Isil leader Abu Bakr al-Baghdadi issues call to arms in ‘audio message’

16 May

Islamic State leader neither seen nor heard for months amid reports of his death or incapacitation in US-led air strike


Abu Bakr al-Baghdadi

Abu Bakr al-Baghdadi Photo: AP

Abu Bakr al-Baghdadi, the leader of Islamic State of Iraq and the Levant (Isil), appeared to issue a defiant call to arms on Thursday in what would be the jihadist leader’s first audio recording in six months.

“There is no excuse for any Muslim who is capable of [emigrating] to the Islamic State, or capable of carrying a weapon where he is,” the voice, which cannot be verified as Baghdadi’s, said.

Calling Islam a “religion of war”, the voice describes the jihadist path as “obligatory”.

The message seemed intended as a rebuttal to media reports claiming that Baghdadi had been so badly injured in a coalition airstrike that he might never command Isil again.

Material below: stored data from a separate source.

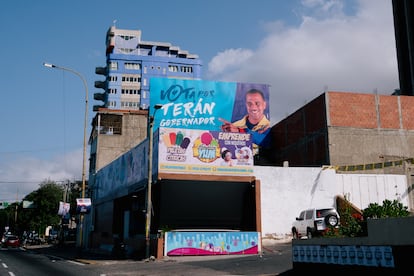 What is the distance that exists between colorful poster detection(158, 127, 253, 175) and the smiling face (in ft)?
81.9

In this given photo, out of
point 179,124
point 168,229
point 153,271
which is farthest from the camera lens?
point 179,124

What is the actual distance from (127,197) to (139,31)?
102152 mm

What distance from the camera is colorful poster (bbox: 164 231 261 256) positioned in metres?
25.9

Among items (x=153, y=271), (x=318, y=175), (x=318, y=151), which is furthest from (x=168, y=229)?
(x=318, y=151)

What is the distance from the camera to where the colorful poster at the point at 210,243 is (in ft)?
85.1

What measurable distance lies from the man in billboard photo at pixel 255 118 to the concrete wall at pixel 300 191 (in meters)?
18.9

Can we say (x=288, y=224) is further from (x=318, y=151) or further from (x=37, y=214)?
(x=37, y=214)

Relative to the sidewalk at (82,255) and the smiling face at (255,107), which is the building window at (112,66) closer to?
the smiling face at (255,107)

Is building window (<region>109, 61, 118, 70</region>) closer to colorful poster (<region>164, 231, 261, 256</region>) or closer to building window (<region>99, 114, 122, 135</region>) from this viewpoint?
building window (<region>99, 114, 122, 135</region>)

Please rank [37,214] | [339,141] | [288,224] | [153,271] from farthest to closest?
[37,214]
[339,141]
[288,224]
[153,271]

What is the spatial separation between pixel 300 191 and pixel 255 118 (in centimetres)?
2092

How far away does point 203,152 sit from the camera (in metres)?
28.3

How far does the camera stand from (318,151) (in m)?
45.2

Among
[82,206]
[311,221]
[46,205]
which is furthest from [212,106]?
[46,205] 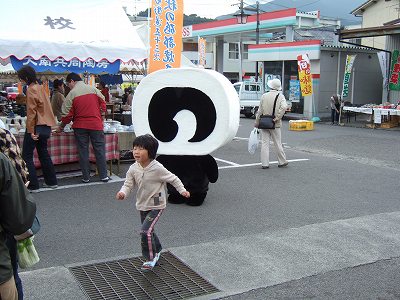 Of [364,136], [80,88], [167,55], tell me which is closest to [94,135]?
[80,88]

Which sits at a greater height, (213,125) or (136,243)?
(213,125)

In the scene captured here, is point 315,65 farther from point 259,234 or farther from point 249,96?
point 259,234

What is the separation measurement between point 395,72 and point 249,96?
6781 millimetres

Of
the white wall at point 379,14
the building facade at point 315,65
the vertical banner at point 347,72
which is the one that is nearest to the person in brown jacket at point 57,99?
the vertical banner at point 347,72

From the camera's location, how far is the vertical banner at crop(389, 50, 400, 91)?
2036 cm

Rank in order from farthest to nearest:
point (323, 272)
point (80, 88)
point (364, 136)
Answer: point (364, 136), point (80, 88), point (323, 272)

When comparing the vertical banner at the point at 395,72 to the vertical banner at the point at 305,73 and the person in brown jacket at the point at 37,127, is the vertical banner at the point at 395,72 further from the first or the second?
the person in brown jacket at the point at 37,127

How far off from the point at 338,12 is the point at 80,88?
115404 mm

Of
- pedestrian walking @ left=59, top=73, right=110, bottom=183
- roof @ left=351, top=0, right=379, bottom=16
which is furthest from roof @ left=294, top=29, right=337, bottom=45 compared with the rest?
pedestrian walking @ left=59, top=73, right=110, bottom=183

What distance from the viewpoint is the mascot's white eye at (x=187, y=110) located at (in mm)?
6066

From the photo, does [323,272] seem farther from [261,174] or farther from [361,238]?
[261,174]

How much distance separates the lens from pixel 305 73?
66.4ft

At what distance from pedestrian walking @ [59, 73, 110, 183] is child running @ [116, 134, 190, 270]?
3491 millimetres

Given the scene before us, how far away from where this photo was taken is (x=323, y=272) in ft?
14.2
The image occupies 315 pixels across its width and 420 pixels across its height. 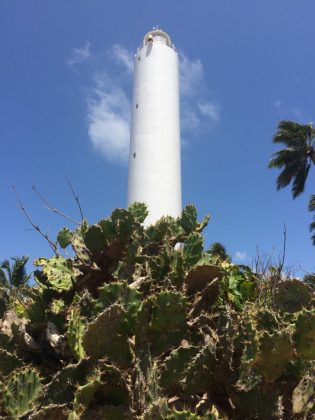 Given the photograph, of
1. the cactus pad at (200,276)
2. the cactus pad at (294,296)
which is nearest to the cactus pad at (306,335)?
the cactus pad at (294,296)

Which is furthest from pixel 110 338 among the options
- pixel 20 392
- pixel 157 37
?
pixel 157 37

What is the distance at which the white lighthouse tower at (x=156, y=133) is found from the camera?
52.9 ft

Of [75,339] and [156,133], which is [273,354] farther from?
[156,133]

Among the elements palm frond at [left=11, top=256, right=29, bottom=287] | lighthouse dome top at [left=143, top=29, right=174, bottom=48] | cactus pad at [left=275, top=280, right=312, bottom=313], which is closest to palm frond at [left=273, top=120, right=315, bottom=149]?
lighthouse dome top at [left=143, top=29, right=174, bottom=48]

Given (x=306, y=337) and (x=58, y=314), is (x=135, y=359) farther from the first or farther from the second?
(x=306, y=337)

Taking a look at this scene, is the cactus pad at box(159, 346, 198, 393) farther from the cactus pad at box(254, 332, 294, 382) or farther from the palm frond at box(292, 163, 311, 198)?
the palm frond at box(292, 163, 311, 198)

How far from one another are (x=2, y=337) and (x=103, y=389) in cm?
92

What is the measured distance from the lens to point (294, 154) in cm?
2869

It appeared to be a recent recording, referencing Isil’s presence in the oil-rich Kirkuk province, as well as the ongoing Saudi-led military campaign against rebel forces in Yemen.

The message was accompanied by translations in English, French, German, Russian and Turkish, a move apparently intended to guarantee maximum exposure.

Baghdadi has been a towering figure in the rise of Isil, and its al-Qaeda affiliated predecessor. It was reported last month that he had suffered spinal injuries in a March 18 airstrike, and that he was being treated by two ideologically sympathetic doctors who travel to his hideout from the group’s stronghold in the Iraqi city of Mosul.

Operational control of Isil has reportedly been passed to Abu Alaa al-Afri, a physics professor and longtime senior official, who had been appointed deputy leader when his predecessor was killed by another air strike late last year.

Although Iraqi authorities claimed on Wednesday that Afri had been hit by a coalition airstrike, the Pentagon has denied any knowledge of the attack.

The last known written communique bearing Baghdadi’s name was released in mid-April. It called on jihadists to send reinforcements to fighting fronts in the Iraqi provinces of Anbar and Salahedin. The terror group’s inner workings are opaque, and it is not known which Isil official was responsible for the message.

Isil swept across large swathes of Iraq and Syria last year, declaring the establishment of an Islamic caliphate.

Isil jihadists have pursued a policy of religious cleansing in areas they have captured, threatening to kill those who do not forcibly convert to Islam.

Tens of thousands of jihadist sympathisers have already heeded calls to travel to the so-called Islamic State, among them a growing number of young British men and women.